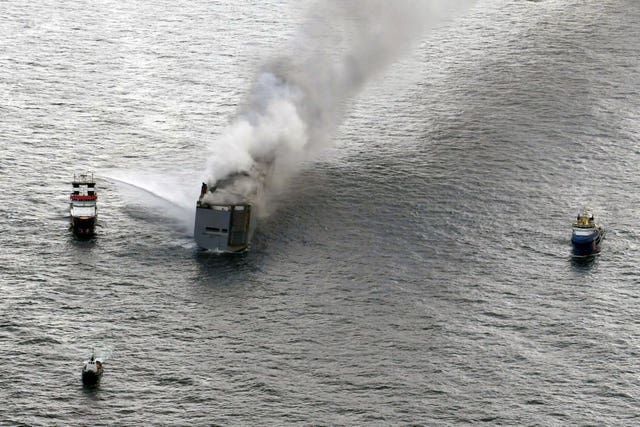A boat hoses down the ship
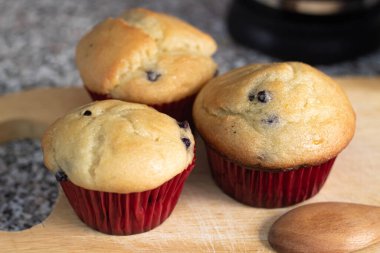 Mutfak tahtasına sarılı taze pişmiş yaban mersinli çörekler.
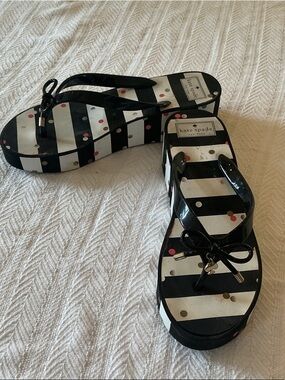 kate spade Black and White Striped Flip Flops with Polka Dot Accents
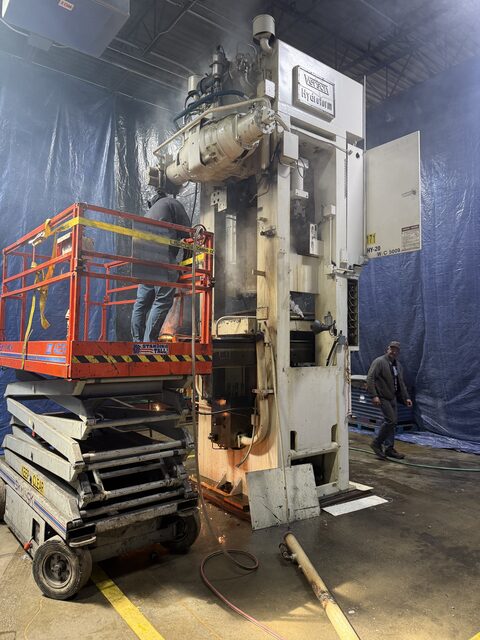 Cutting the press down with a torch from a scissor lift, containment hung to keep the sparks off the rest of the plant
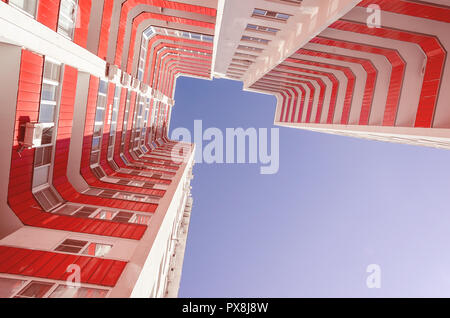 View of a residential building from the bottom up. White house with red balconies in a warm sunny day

To do >>
Write out exactly, please, the lines that start at the one containing "Cutting the press" and run through the final line of the entries, both included, leaving pictures out.

Exercise answer >>
 Cutting the press down with a torch from a scissor lift, containment hung to keep the sparks off the rest of the plant
 View of a residential building from the bottom up. White house with red balconies in a warm sunny day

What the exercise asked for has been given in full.